### EXTRACTED RECORDS
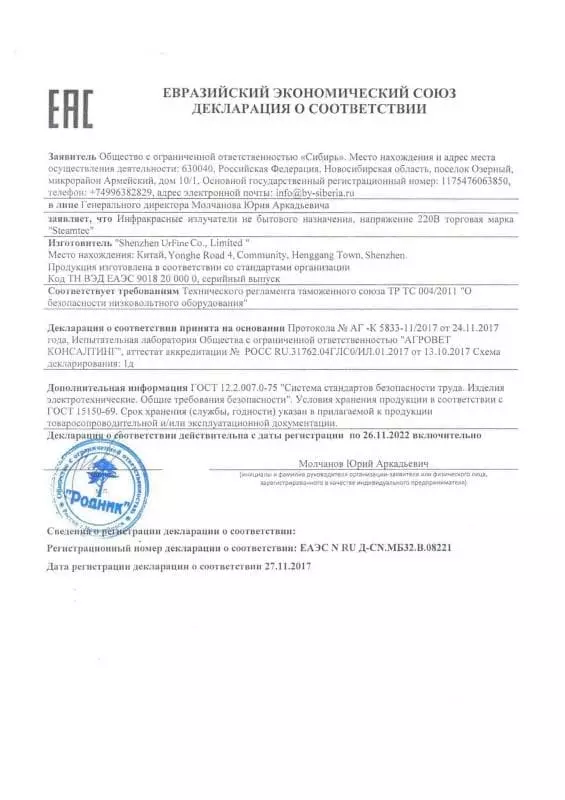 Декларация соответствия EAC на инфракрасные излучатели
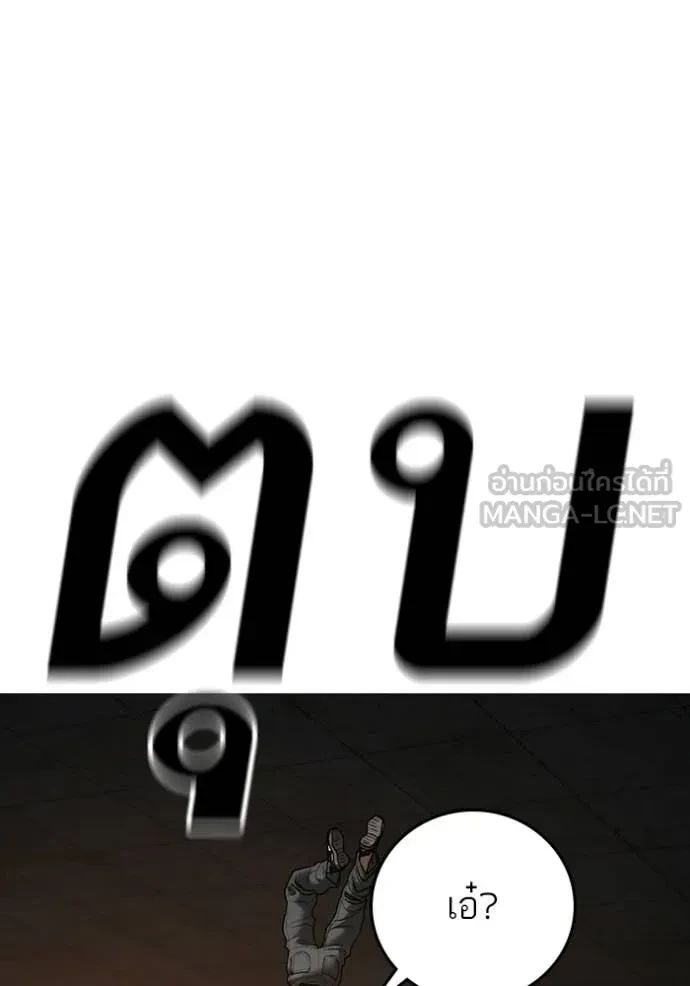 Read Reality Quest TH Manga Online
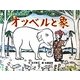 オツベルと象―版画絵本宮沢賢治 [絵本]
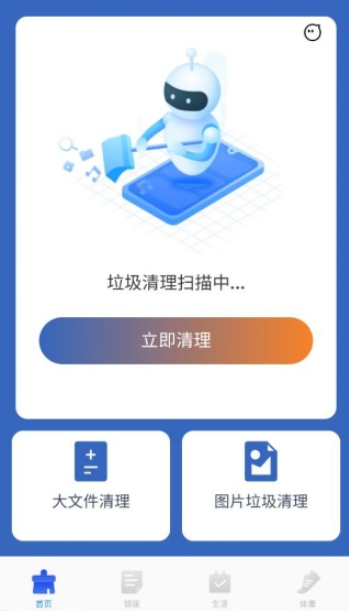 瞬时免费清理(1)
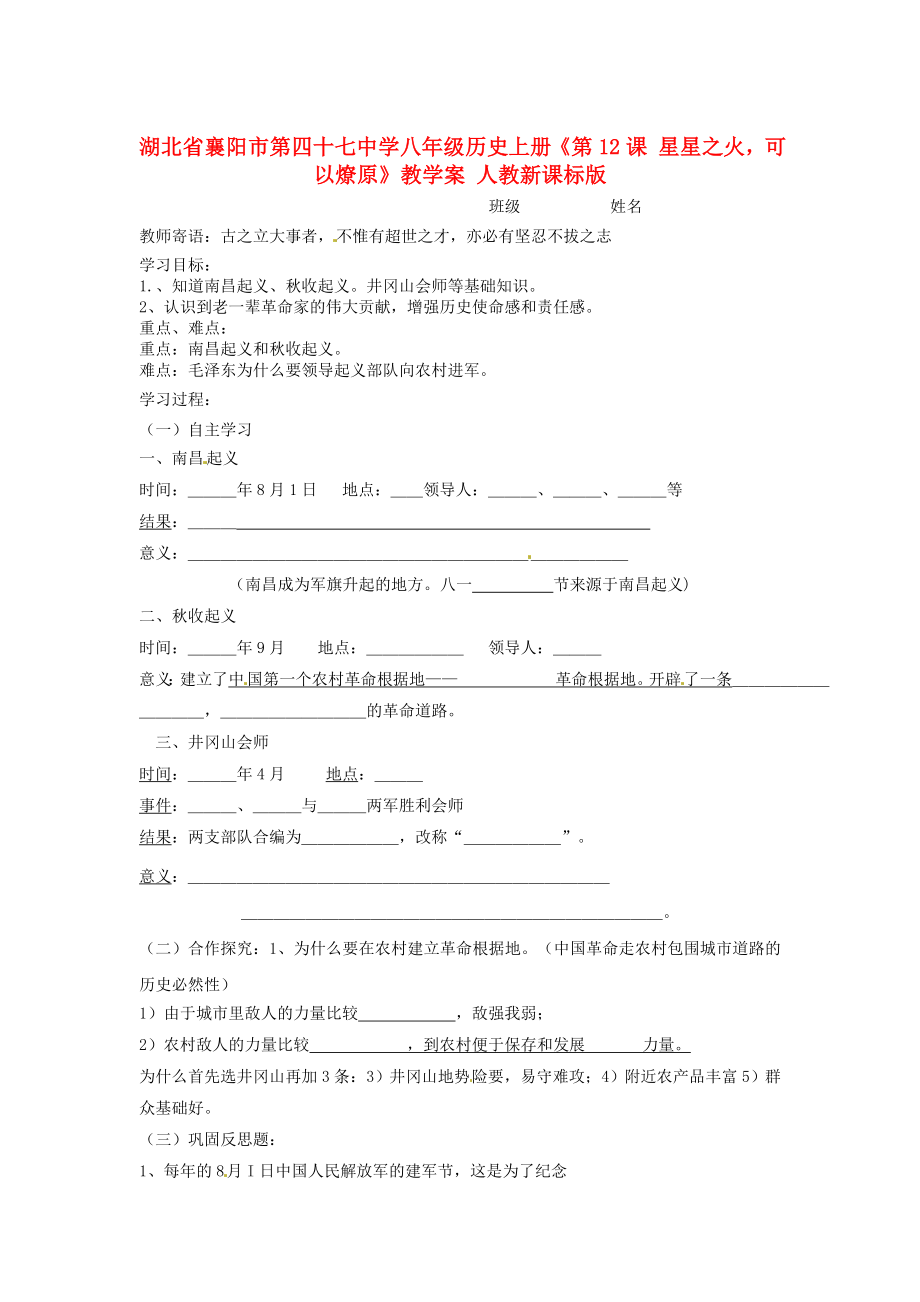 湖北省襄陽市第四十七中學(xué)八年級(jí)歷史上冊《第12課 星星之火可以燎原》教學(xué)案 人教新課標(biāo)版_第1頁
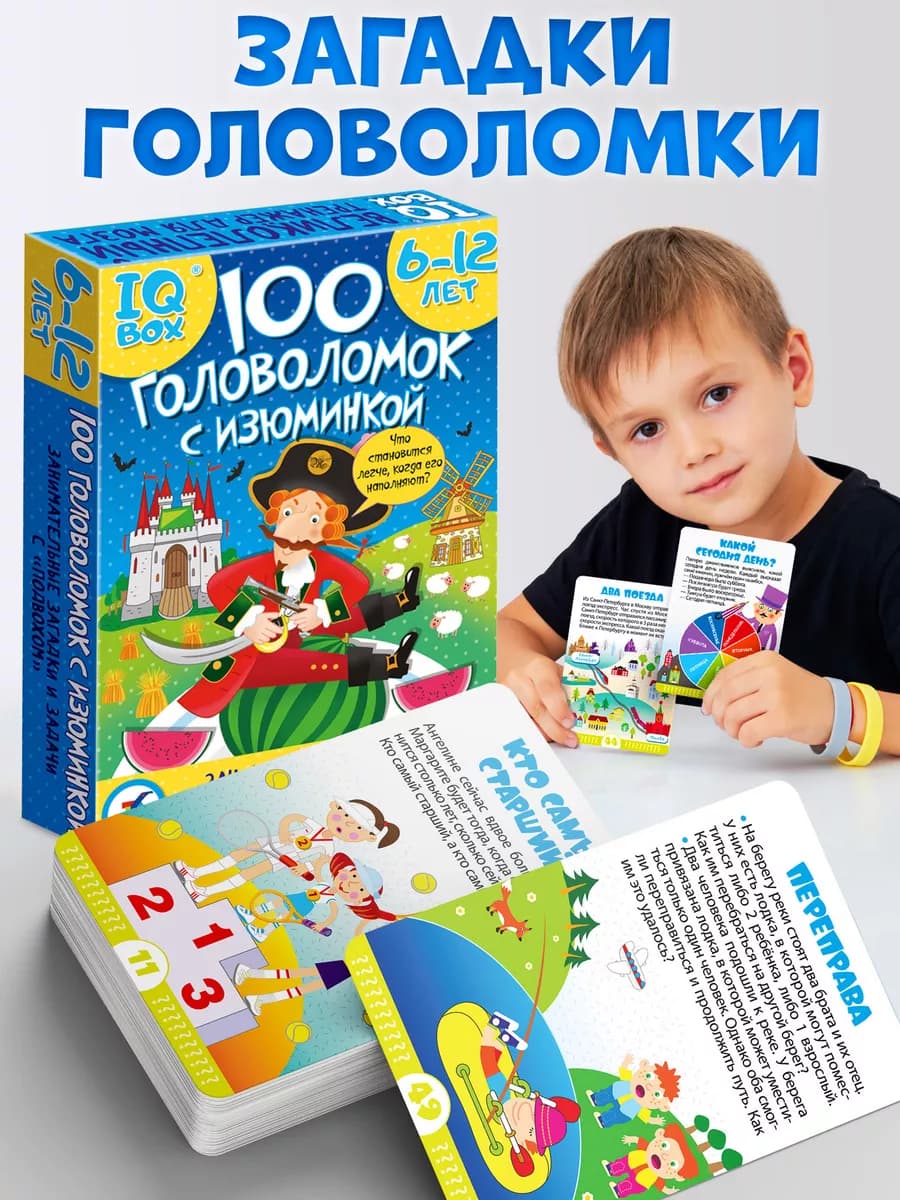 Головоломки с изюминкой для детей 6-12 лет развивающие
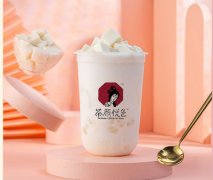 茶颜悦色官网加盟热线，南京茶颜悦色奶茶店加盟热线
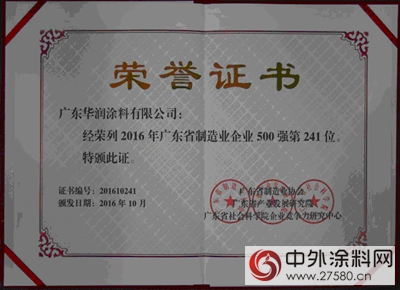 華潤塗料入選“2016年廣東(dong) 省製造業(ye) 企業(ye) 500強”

### TASK DETAILS
Quote all the records verbatim, dropping any pictures from your copy.

### TASK RESULT
 Декларация соответствия EAC на инфракрасные излучатели
 Read Reality Quest TH Manga Online
 オツベルと象―版画絵本宮沢賢治 [絵本]
 瞬时免费清理(1)
 湖北省襄陽市第四十七中學(xué)八年級(jí)歷史上冊《第12課 星星之火可以燎原》教學(xué)案 人教新課標(biāo)版_第1頁
 Головоломки с изюминкой для детей 6-12 лет развивающие
 茶颜悦色官网加盟热线，南京茶颜悦色奶茶店加盟热线
 華潤塗料入選“2016年廣東(dong) 省製造業(ye) 企業(ye) 500強”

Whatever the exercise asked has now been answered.